等我到安哥拉经过下面的事,我才知道那个莫桑比克华人说的,对我,不对。

从莫桑比克出来,就到了安哥拉。几个当地华人朋友带我去参观一个在沙漠里的农场。往返十个小时车程大家换着开,反正沙漠里也没什么车。正赶上我开时,一转弯看到两个全副武装的军人站在路中,旁边停着一辆载满同他俩一样全副武装的军人。当时安哥拉正打仗,晚间八点就宵禁,为了晚间之前赶回城里,我的车开得象疯了一样。我开第一辆车,怕急刹车后面的车追尾,因此只能慢慢的点刹。他俩看我的车速还太快,竟从肩上把枪拿下来指着我们。我下意识地一脚把车踩死,车打横停下了。说实在的,从第一眼看到他们我就慌了,我慌的第一个原因还是和平时期的文明的反应,因我没有当地的驾驶执照也没带国际驾照,我想这下坏了,无照驾驶在该安哥拉该怎么定罪?脑袋已出汗了。可当我看到他们把枪举起来时,我完全忘了我还开车一下把手举起来,车一晃又连忙放下一只手。

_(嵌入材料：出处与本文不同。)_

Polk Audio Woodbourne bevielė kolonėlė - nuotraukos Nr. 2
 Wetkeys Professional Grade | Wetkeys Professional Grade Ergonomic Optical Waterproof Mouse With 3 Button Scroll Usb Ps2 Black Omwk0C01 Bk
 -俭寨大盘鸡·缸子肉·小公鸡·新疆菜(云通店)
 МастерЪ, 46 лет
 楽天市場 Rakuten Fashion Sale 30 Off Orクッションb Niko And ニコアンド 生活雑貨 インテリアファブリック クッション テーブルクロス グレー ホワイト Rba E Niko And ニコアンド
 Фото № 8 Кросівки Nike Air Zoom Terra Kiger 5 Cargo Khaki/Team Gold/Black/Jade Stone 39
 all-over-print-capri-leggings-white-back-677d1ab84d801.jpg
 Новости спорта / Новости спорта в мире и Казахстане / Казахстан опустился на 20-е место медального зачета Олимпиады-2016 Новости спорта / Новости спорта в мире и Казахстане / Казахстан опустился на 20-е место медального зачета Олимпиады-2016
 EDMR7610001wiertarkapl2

事后想电影里的人被枪一指就举手的动作,一定是人的下意识作,这不用别人教。车停下来他们把枪也放下了,我的那只手才放下来。一个全身迷彩服的黑军人把AK47冲锋抢横挎在脖子上走过来,刚要下车就听车里的华侨严厉地说:“黄先生,不要下车!”我的手象被烫似地把半开的车门又关上。他过来冲我讲了几句话,我摇摇头说不懂,我问那华侨他说什么,他说,他讲的不是葡萄牙语他也不懂。那个大孩子脸的军人突然用手做了个抽烟的动作,这我懂!车里四个人就我抽烟。我连忙掏出我吸的万宝路抽出一只递给他,也抽出一只给自己想跟他拉进点距离。可车里那华侨突然大叫声,都给他!我怕侮辱他胆胆怯怯把那半包递给他,突然那一车军人大声鼓掌欢呼起来,接着那年青的军人给我一个敬礼,又做了一个优雅的放行的手势,我把我那只还没来得及点的烟也塞给了他,大声说了句谢谢,把车一溜烟开跑了。车走一会儿我感到后背一阵凉,原来不仅是头,全身都出汗了。回到酒店我立即给那在莫桑比克的华侨打电话说,哥们,你说的对我不行,尽管在非洲我能当大富翁,不会受人歧视;但我还是要找个歧视我的地方去。

想飞的心

我十七岁的女儿由我太太陪着从深圳去澳洲墨尔本读书已半年。一天她来电话说:“爸爸电视里正在放一部很反动的电影,可以说是非常非常非常反动。”她连用了三个非常,我忙问什么电影?怎么反动?她说,是一部美国片,讲的是一个外国人在中国犯事了,然后中国司法机构不判决就把他抓起来了,搞得他很惨很惨。你说这是真事吗?她打的是越洋电话,我们相隔八千公里,我不知道那是什么电影也不知道演的是什么年代的事,我只能说有可能是真的也可能是假的。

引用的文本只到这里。